> [PROVIDED MATERIAL]:
★ ★ ★ ★ ★ ★ ★
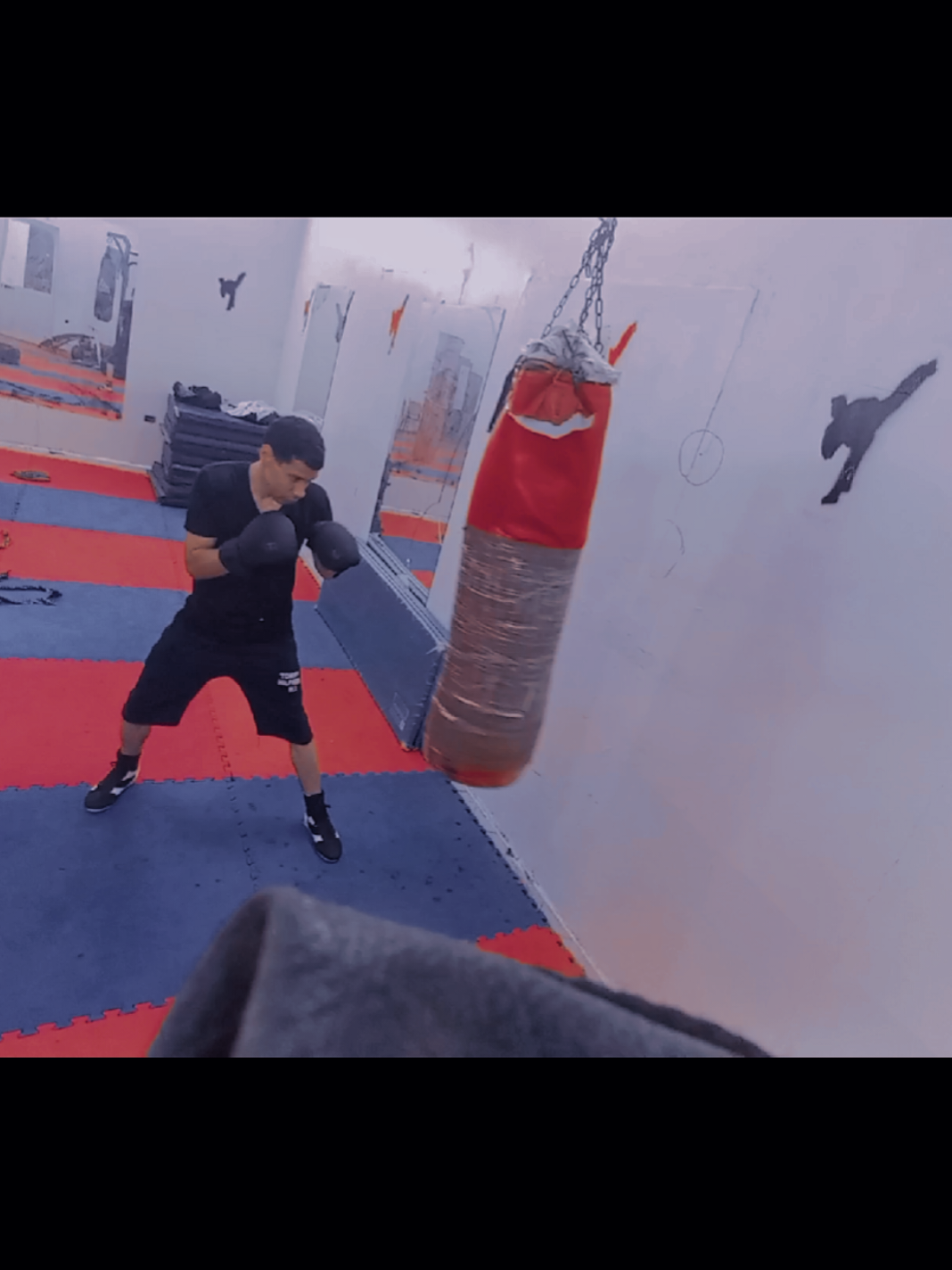 #italy🇮🇹 #boxinglife #creatorsearchinsights 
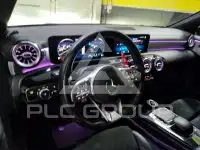 2019 Mercedes Benz CLA 200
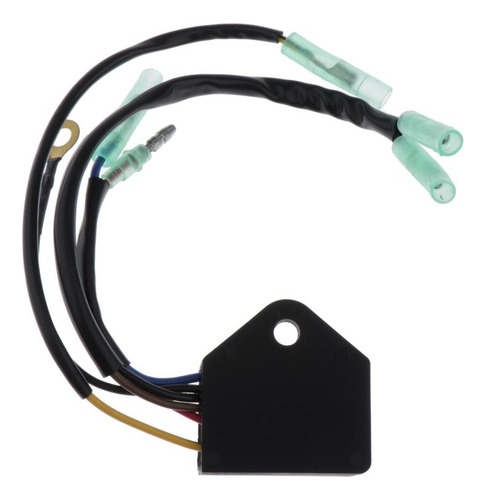 Unidad Cdi De Motor Para Motor Fueraborda 2 25-30hp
★ ★ ★ ★ ★ ★ ★
> [EXERCISE DESCRIPTION]:
Please transcribe the lines from the one containing "2019 Mercedes Benz CLA 200" to the last line of the listing, both included, exactly and with nothing added, leaving every picture out.

> [SOLUTION]:
 2019 Mercedes Benz CLA 200
 Unidad Cdi De Motor Para Motor Fueraborda 2 25-30hp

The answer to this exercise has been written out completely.